Ze begroette hen hartelijk. ‘Welkom, heren.’ Verdoofd stapte Daniel naar voren, Kendall op zijn hielen.
‘Hallo, schat.’ Ze stond op en glimlachte terwijl ze met stralende ogen op hem toe kwam en hem op de wang kuste.
‘Dokter Kendall, wat een genoegen om u weer te zien. Gaat u toch zitten.’
Beide mannen waren sprakeloos. Ze legden hun hoed opzij en gingen gehoorzaam zitten, keken vol bewondering toe hoe Lizette met geoefende precisie en gratie thee schonk.
‘Dokter Kendall, hoe drinkt u uw thee?’
‘Eh... alleen melk graag, dank u.’
Ze schonk melk in en reikte hem met vaste hand kop en schotel aan.
‘En ik weet dat mijn man suiker gebruikt.
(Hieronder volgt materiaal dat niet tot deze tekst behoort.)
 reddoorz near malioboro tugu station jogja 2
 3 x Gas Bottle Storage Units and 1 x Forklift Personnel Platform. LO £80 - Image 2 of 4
Alsjeblieft, schat.’
‘Dank je.’
Daniel staarde naar haar en toen wisselden Kendall en hij met opgetrokken wenkbrauwen een blik vol hoop.
‘Het komt voor,’ zei Kendall later tegen hem, achter de gesloten deuren van de studeerkamer. ‘Een medicijn heeft een uitgesteld effect of de balans van een vrouw herstelt zichzelf op de een of andere manier.’
‘Maar is het blijvend?’
‘Ik weet het niet. Maar het lijkt me goed mogelijk.’
‘Gelukkig.’
‘Zeg dat wel.’
‘Wil je me een dienst bewijzen en langs de herberg gaan om Sally Mitchell te laten weten dat ze terug kan komen?’